Note: even using the patches provided for the version 24.1, the only way I am able to compile libgstomx version 24.1 is by NOT installing libegl on the target, so that the “configure” command outputs “checking for GST_EGL… no”. Otherwise, the file gstomxvideodec.c fails to compile, because even though the patch adds “#undef HAVE_GST_EGL” at the beginning of the file so that egl.h does not get included, a few lines later it includes “gstomxvideodec.h” which includes config.h, and therefore defines HAVE_GST_EGL to true… and therefore it uses macros coming from egl.h without including egl.h and fails to compile all the lines of code using “GST_EGL_IMAGE_MEMORY_TYPE”.
Is libgstomx really intended to be used without libegl? The README file instructions say to compile and install libegl on the system.

I finally managed to build libgstomx.so by using the version in meta-tegra, the way they fixed the compilation errors is by changing the version number to “1.0.0” (this removes the flag -Werror as a side-effect). See this patch: https://github.com/madisongh/meta-tegra/blob/master/recipes-multimedia/gstreamer/gstreamer1.0-omx-tegra/0001-use_lt_sysroot_when_parsing_gstconfig_header.patch

In my opinion, having a three digits version number should be part of the sources distributed in the download center, otherwise the sources cannot compile. I didn’t yet test the patch which should set NVENC clock to the maximum.

Hi,
Please run ‘sudo tegrastats’ to check and confirm NVENC clock is not varying and keeps at maximum.

Hi DaneLLL,
today I rebased the patch on version 32.1 and exported it using quilt so that it works with meta-tegra (patch below for reference in case someone needs it).

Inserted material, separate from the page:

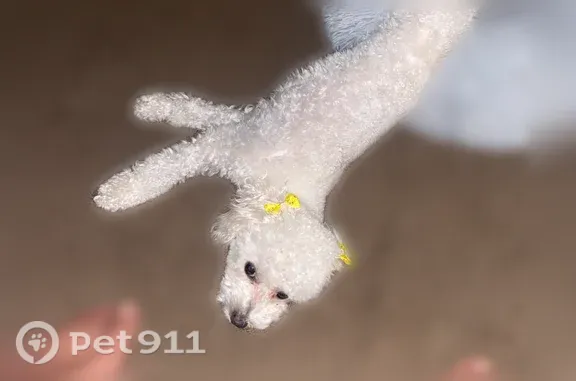Lost dog, Phoenix, Arizona — wearing 2 yellow bows - photo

tegrastats show that NVENC now has a constant clock of 1.113GHz:

RAM 1722/7861MB (lfb 1110x4MB) CPU [71%@2031,75%@2034,76%@2036,68%@2027,67%@2030,65%@2030] EMC_FREQ 9%@1866 GR3D_FREQ 0%@1300 NVENC 1113 APE 150 MTS fg 0% bg 0% PLL@51.5C MCPU@51.5C PMIC@100C Tboard@45C GPU@48C BCPU@51.5C thermal@50.3C Tdiode@47.25C VDD_SYS_GPU 143/143 VDD_SYS_SOC 1864/1767 VDD_4V0_WIFI 0/10 VDD_IN 9544/8942 VDD_SYS_CPU 4637/4196 VDD_SYS_DDR 1697/1635

And the frame-rate of the 3 camera streams stays constant at 27FPS.

Is there a bad side-effect to expect from this patch? Is it safe to run NVENC clock at maximum frequency? Why is the dynamic frequency scaling reducing the clock even though NVENC is under load?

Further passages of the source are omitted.